All too predictably, I was met with false outrage and indignation online, not only from the so-called cybernats, but elected representatives of this city like James Dornan MSP, who is known for appearing on Kremlin-backed television stations when his time would be better spent representing his constituents in Glasgow Cathcart.

However, after those chaotic scenes in America, I felt a renewed sense of hope watching President Biden’s inauguration. I was struck by his statement that all leaders have a responsibility to defend the truth and defeat the lies.

My mind couldn’t help but wander closer to home and the current Salmond inquiry at the Scottish Parliament which continues to be mired by conflicting evidence, witnesses having to come back time and time again and a general suspicion that the whole story of who knew what and when is not being told. That chain of events stretches right up to our current First Minister, Nicola Sturgeon.

Given that she was tweeting approvingly during the President’s inauguration ceremony, I wonder if she sat up and listened when he said those words.

Just a few days ago, Sky News revealed claims that a Scottish Government official asked to change an account of when they knew about harassment complaints against the former first minister Alex Salmond. The matter of who knew what and when is not just a trivial accessory, it is fundamental to the work of the parliamentary inquiry into this sorry affair and necessary both for the sake of the complainants as well as public trust in Nicola Sturgeon.

This kind of secrecy has forced the parliamentary inquiry, which is chaired by an SNP MSP, to take unprecedented action and invoke Section 23 of the Scotland Act 1998 to force the Crown Office to hand over documents relating to communication both within and between senior members of the SNP and Scottish Government regarding the complaints against Mr Salmond.

Despite being accused by her former boss and mentor of misleading the Scottish Parliament, Nicola Sturgeon pleads innocence. Only one of the current first minister or the former first minister can be telling the truth.

The truth is the public isn’t interested in the First Minister’s deflection tactics – they simply want to know what she knew and when.
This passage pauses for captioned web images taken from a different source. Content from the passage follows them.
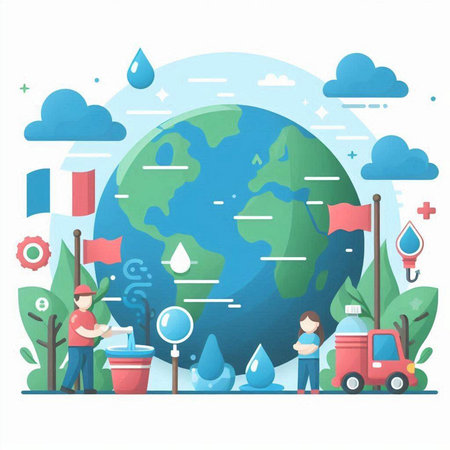Save the planet concept. Flat design vector illustration. World Environment Day.のイラスト素材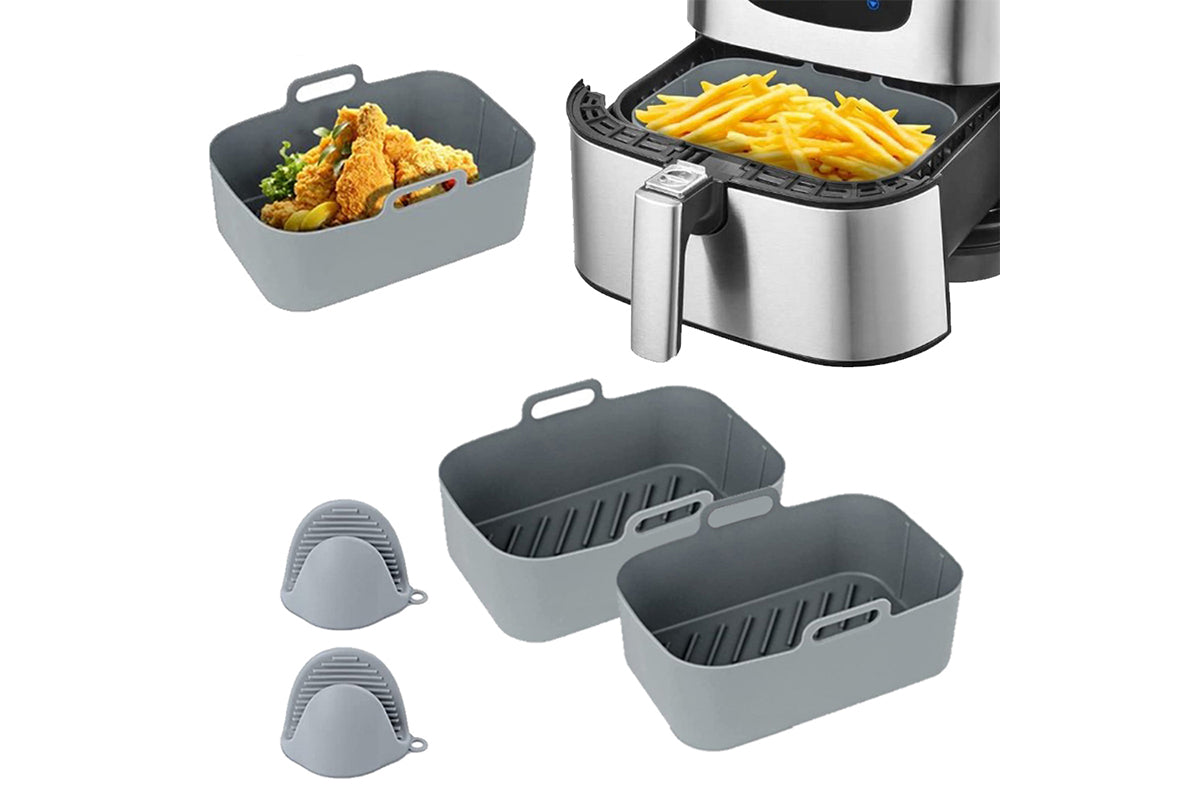 8Pcs Air Fryer Basket Reusable Silicone Pot for Home Kitchen Party Decor-Grey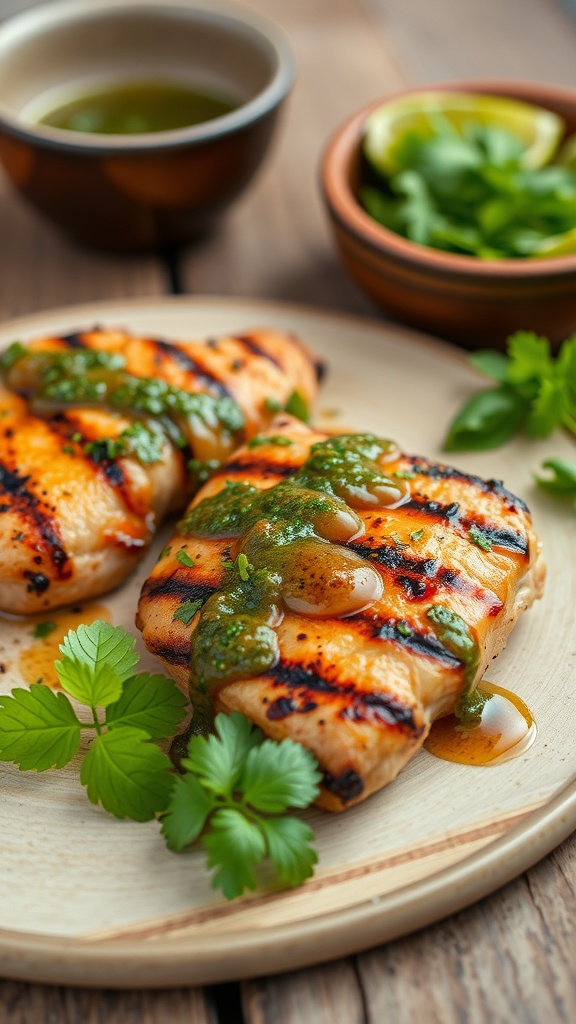 Grilled chicken topped with chimichurri sauce and garnished with fresh herbs.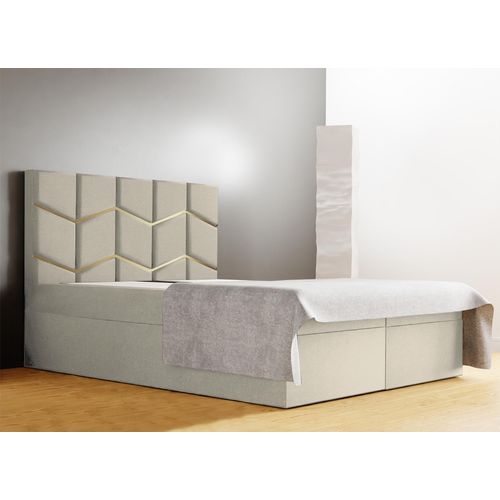 Schlafzimmer-Polsterbett FOREST 140x200cm Gebrochenes Weiß mit Golddekor, VELO-Kopfteil, stabil, mit Stauraum und Gasdruckfedern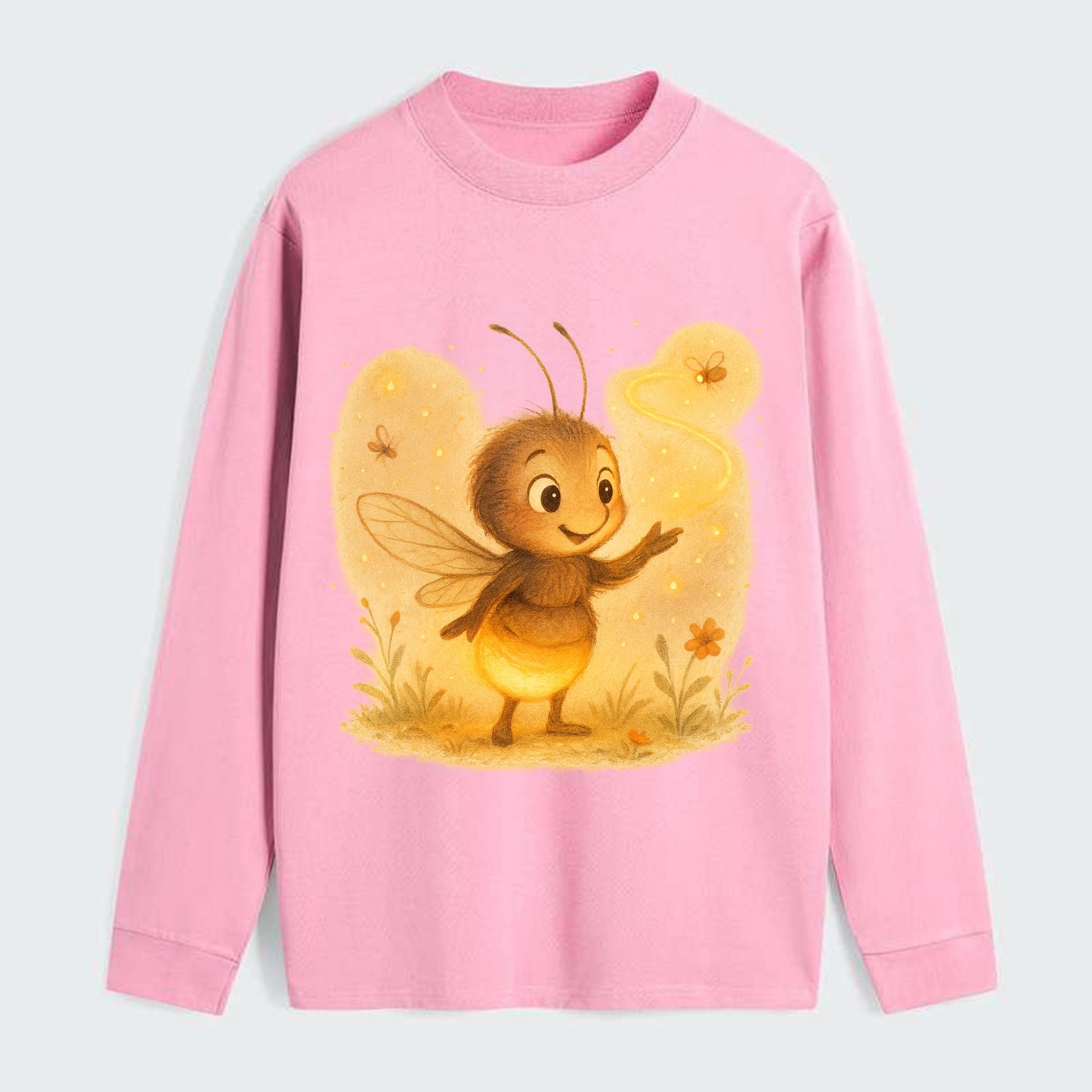 Firefly choreographer arranging synchronized light patterns over a - Classic Long Sleeve Shirt - Pink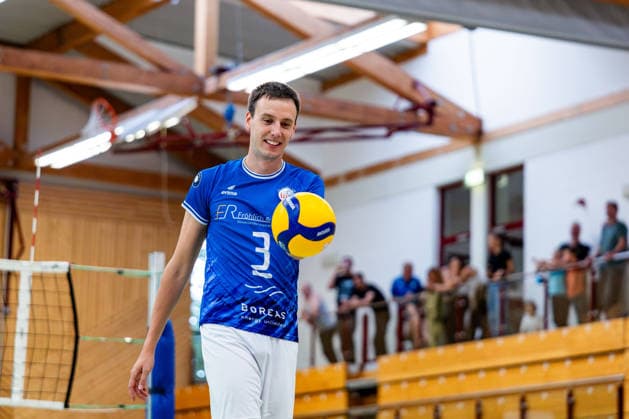 August 27, 2026, GER, Volleyball, Men, Season 26–27, 2nd Division South vs. 1st Division, Exhibition Match, Blue Volleys Gotha vs. Cerebricks Volley Goats Mitteldeutschland, Christoph Assmann, Blue Volleys Gotha, 3 99867 Gotha, Ernesti Sports Complex, Thuringia, Germany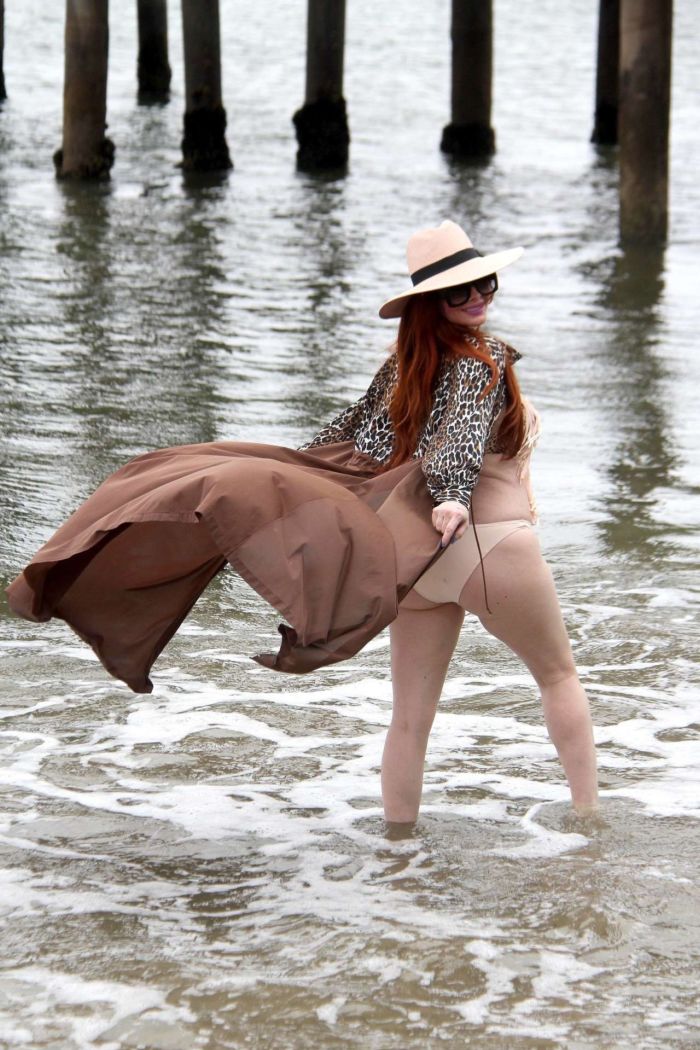 Phoebe Price In A Bikini Under A Printed Beach Cover Up In Malibu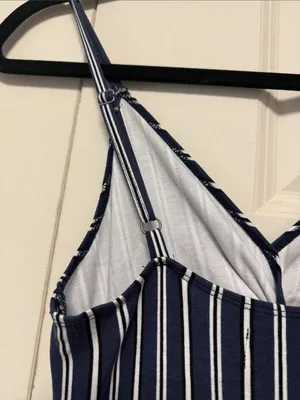Hollister Navy & White Vertical-Striped Knot Waist Jumpsuit thumbnail 9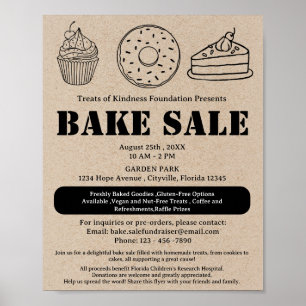 Rustic Brown Kraft Bake Sale Poster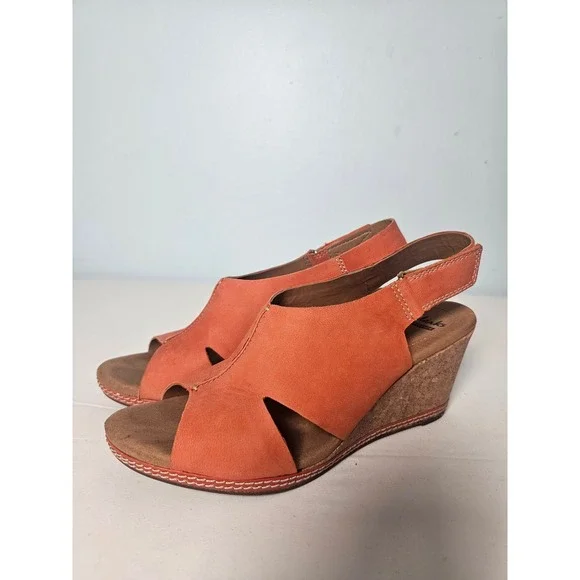 Boho Clarks Collection Wedge Sandals Womens 8.5 Orange Leather Cutout 26118392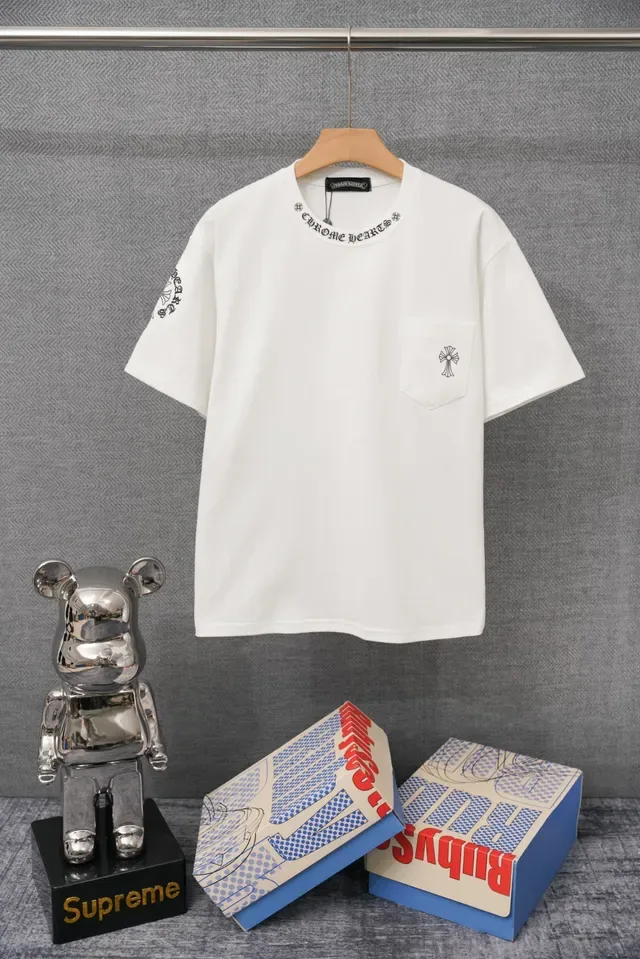 Chrome Hearts সূচিকর্ম করা কলার ক্রস লোগো কালো টি-শার্ট 3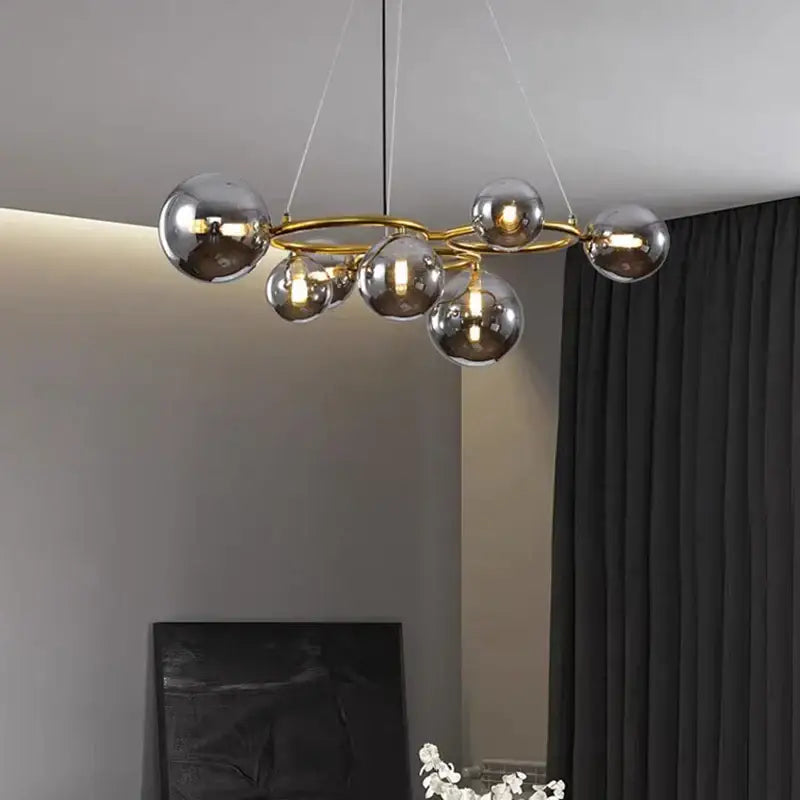 Brass Multi Orb Pendant
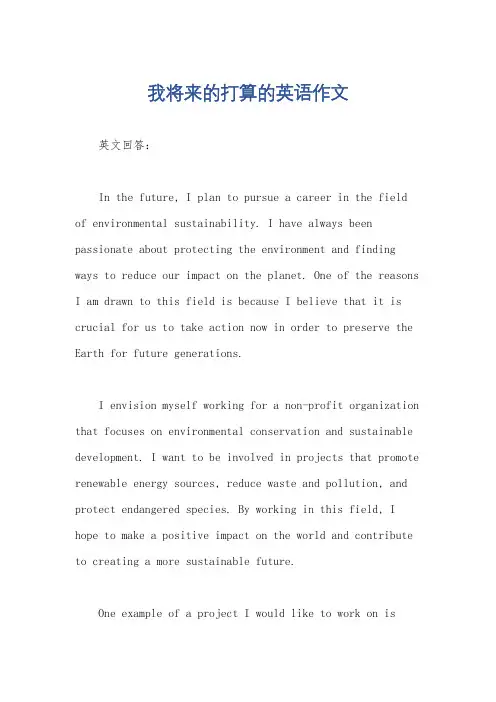 我将来的打算的英语作文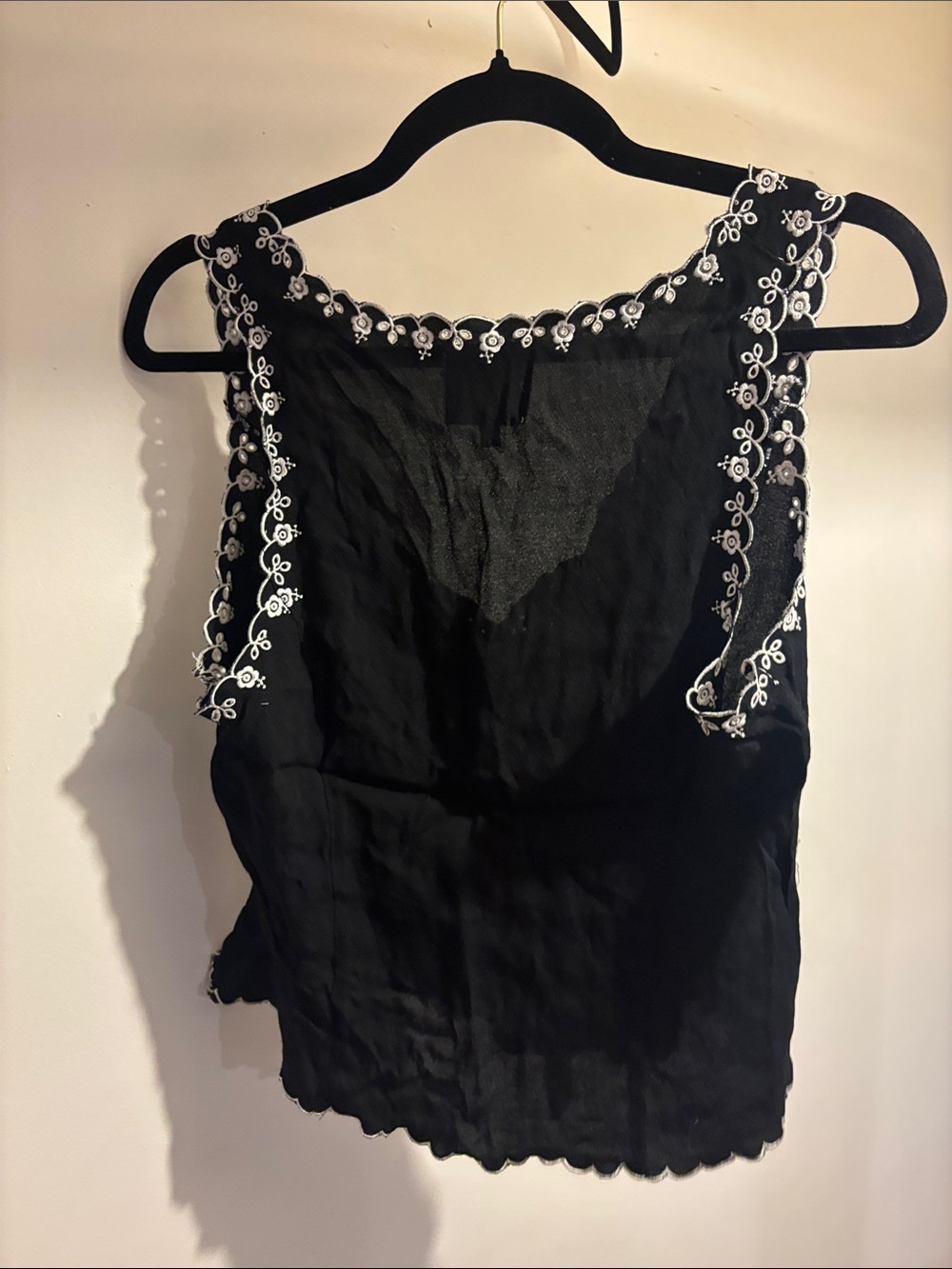 Reformation Black Camisole with White Floral Embroidery - Picture 3 of 3
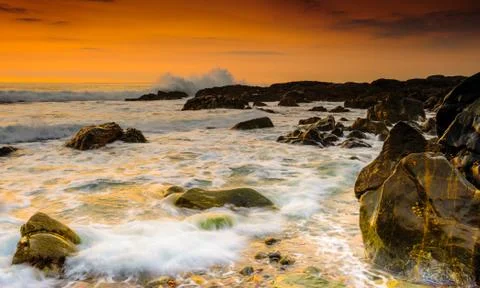 Sunset, Island of Benbecula, Outer Hebrides, Scotland Stock Photos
If she’s found guilty of breaking the ministerial code, then it is a resigning matter for her. Nothing less will do. That might shock some readers who will probably dismiss this as another Tory bashing our dear First Minister.

This goes beyond party politics and to the core of decency and honesty in our politics. And indeed, maybe Nicola Sturgeon should be more worried about public opinion than she lets on.

A recent Panelbase poll found that 68% of decided voters want the First Minister to quit if she deliberately misled MSPs over the Alex Salmond affair.

If she won’t listen to the public, how about listening to SNP MP Angus MacNeil who has spoken out against how the Scottish Government is curtailing the work of the parliamentary inquiry.

Enough is enough, it’s time for Nicola Sturgeon to heed the words of President Biden.